Nevertheless, broad as modern discovery may be, it is not unbridled and not unlimited.  Upon motion of the person from whom discovery is sought, the Court may make an Order which justice requires to protect the person (R. 4:10-3) and afford adequate protection against unwarranted intrusion and invasion of the rights of such person.  All discovery procedures and disclosure requirements impose some burdens on the persons from whom information is sought, the justification for which is a quest for justice.  When the burden outweighs the benefit, the tools of discovery become, intentionally or unintentionally, weapons of oppression.  This possibility has become apparent when only parties are involved and deserves close scrutiny with respect to the interests of the non-party.  Each application to allow or restrict discovery is addressed to the discretion of the Court and requires a balancing of these considerations.  Id. at 282-83 (internal citations omitted). 

                        Specifically as to the concept of “privacy,” the Court stated that:

The right of privacy and the right to keep confidential one’s financial affairs is well recognized. It seems to be part of human nature not to desire to disclose them. It is not privileged matter in the legal sense of the term, but even if the information is not privileged, and it is not, it still may be oppressive or unreasonable to require disclosure at the taking of a deposition . . . It seems oppressive and unreasonable to require these persons to disclose this information in advance when many things may happen between now and the trial that might make the disclosure unnecessary.
Modern civil procedure in the Federal courts contemplates liberal disclosure. Discovery is in the interest of justice. Nevertheless, discovery is not unbridled and not unlimited. There must be restrictions to protect individuals in their natural privacy. Hecht v. Pro-Football, Inc., 46 F.R.D. 605, 607 (D.D.C.1969).


As to business records, courts have been most reluctant to force a nonparty competitor to divulge confidential information. United States v. Serta Associates, Inc., 29 F.R.D. 136, 138 (N.D.Ill.1961). Where the need for the information was not sufficient to outweigh the invasion of corporate privacy, discovery has been denied especially where the deponent is not a party to the suit. Premium Service Corp. v. Sperry & Hutchinson Co., 511 F.2d 225, 229 (9 Cir.1975).

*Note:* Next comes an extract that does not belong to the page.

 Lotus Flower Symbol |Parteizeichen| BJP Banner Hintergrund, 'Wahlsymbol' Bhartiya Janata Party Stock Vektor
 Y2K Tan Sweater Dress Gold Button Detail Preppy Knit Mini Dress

In the context of a criminal investigation, Justice Holmes recognized a right to confidentiality of business records in prohibiting:


. . . a fishing expedition into private papers on the possibility that they may disclose evidence . . . The interruption of business, the possible revelation of trade secrets, and the expense of compliance . . . are the least considerations. It is contrary to the first principles of justice to allow a search through all of the respondents’ records, relevant or irrelevant, in the hope that something will turn up. F.T.C. v. American Tabacco Co., 264 U.S. 298, 306, 44 S.Ct. 336, 337, 68 L.Ed. 696, 701 (1921).

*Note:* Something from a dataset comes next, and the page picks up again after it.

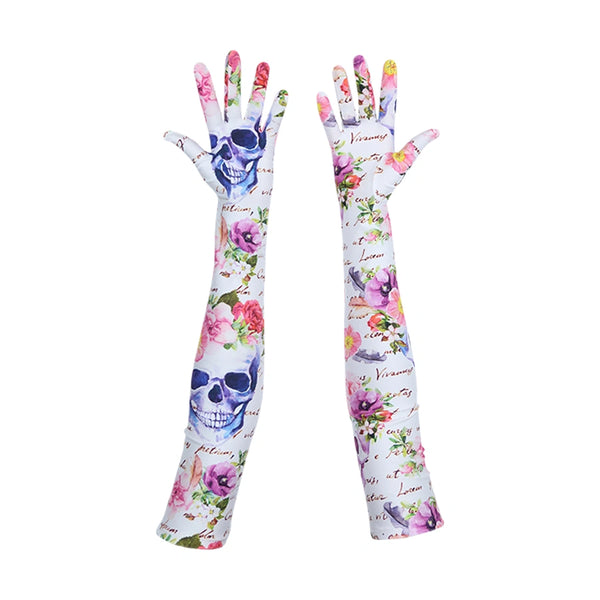 long white floral skull pattern gloves with palms facing up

Weighing the potential importance and probative value of the main case of the data sought against the existence of a sibling rivalry with strained familial relationship as well as the competitive business positions, this court believes that the right of privacy with respect to personal financial affairs and confidential business information far outweigh the necessity for disclosure in this case. There are other means for proving the value of plaintiff’s business interests without any unwelcome intrusion being visited upon non-parties. 

Id. at 286-87.


                        The court announced the following factors to be weighed when considering a non-party’s application to limit discovery:

[1] the interests of the proposed deponents in the outcome of the litigation;

[2] the necessity or importance of the information sought in relation to the main case;

[3] the ease of supplying information requested,

[4] the significance of the rights or interests which the non-party seeks to protect by limiting disclosure; and

[5] the availability of a less burdensome means of accomplishing the objective of the discovery sought. 

Id. at 284.

            In conclusion, although not a “privileged matter in the legal sense,” there is a right of privacy, which must be addressed when seeking discovery against a third party.  Courts must endeavor to lessen the impact of the invasion of privacy in such a way that balances the needs of the litigants to full information with the interests of non-interested parties to keep their confidential information private.  The tools available to the litigants and the Courts are Protective Orders, in camera reviews, independent experts, partial discovery and redacting documents.  Utilization of these tools should minimize the intrusive nature of discovery upon non-interested third parties unfortunately involved in divorce related discovery.



Attorneys at Law
90 Woodbridge Center Drive
Post Office Box 10
Woodbridge, New Jersey  07095
(732) 636-8000
Attorneys for _________

                                                                        SUPERIOR COURT OF NEW JERSEY

























                        Civil Action






                        This matter having been brought before the Court by ___________, attorneys for the plaintiff,  ______________,  and Wilentz, Goldman & Spitzer, P.C. (“WG&S”), attorneys for defendant, ______________, and it appearing that the plaintiff has retained _______________, for purposes of performing a valuation of defendant’s ownership interest in _______________ and any other business/entity in which he has an interest, and to confirm the income of perquisites of defendant for the above matrimonial litigation, and has therefore requested the production of certain business records including but not limited to tax returns, financial statements, accountant work papers and associated data and information, of the defendant and his business;

                        IT IS on this        day of                       , 2003,

                        ORDERED as follows:

1.                 Strictly for purposes of valuing plaintiff’s ownership interest in ________________ and any other businesses/entities in which defendant has an interest, and to determine income and perquisites for purposes of this divorce action, ___________  and ___________ shall be permitted conditional access to ______’s financial data and other ________ information and documentation as well as any of the business/entities in which defendant has an interest (all hereinafter “Confidential Information”).  This access is conditioned upon plaintiff’s, her attorneys’ and experts’ strict adherence to the terms of this Protective Order.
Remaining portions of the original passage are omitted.